16.86. The United States law denies the election to a company deriving 20 per cent or more of its income from investments, though it has been proposed that this restriction be eliminated. The Committee does not think it appropriate to impose such a restriction. The availability of the election to an investment company is consistent with the treatment proposed in paragraphs 16.116–16.117 of investment income of companies that have not elected.

16.87. The United States does not allow an election when more than 80 per cent of a company's income is derived from foreign sources. The only reason for such a restriction would seem to be the administrative complications involved in allowing tax credits to shareholders; but in the Committee's view these are not sufficient to justify discriminating between companies with domestic-source and companies with foreign-source income.

16.88. Number and nature of shareholders. The compliance and administrative costs of an election system will be minimised if the election is confined to companies with small numbers of shareholders all of whom are individuals and beneficially entitled. In the United States the number of shareholders may not exceed ten, though it has been proposed that this be raised to fifteen to allow greater flexibility, making it possible, for example, to issue shares to key employees. The Committee favours the maximum number of shareholders being set at ten, at least until the administrative problems involved in an election system have been carefully assessed.

16.89. All shareholders should be individuals who are beneficially entitled. An exception might be made of the administrator of a deceased estate; but the system could not be conveniently applied where a shareholder is another company. All shareholders and the company itself should be resident in Australia.

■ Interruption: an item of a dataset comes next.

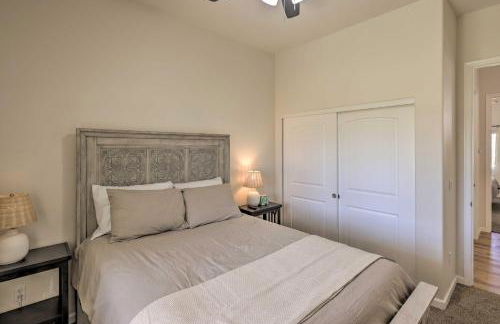 Bright Home with Yard, 4 Mi to Colorado River! - Foto 18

16.90. Capital structure of the company. If the allocation of profits to shareholders is to be made as easy as possible, all shares in the company should carry the same rights to income and capital. In the United States all shares must be of the same class, though consideration is currently being given to allowing also a class of shareholders without voting rights who have rights to fixed annual distributions and to a fixed amount upon redemption. The Committee would take the view that, at the outset at least, only one class of shares should be allowed.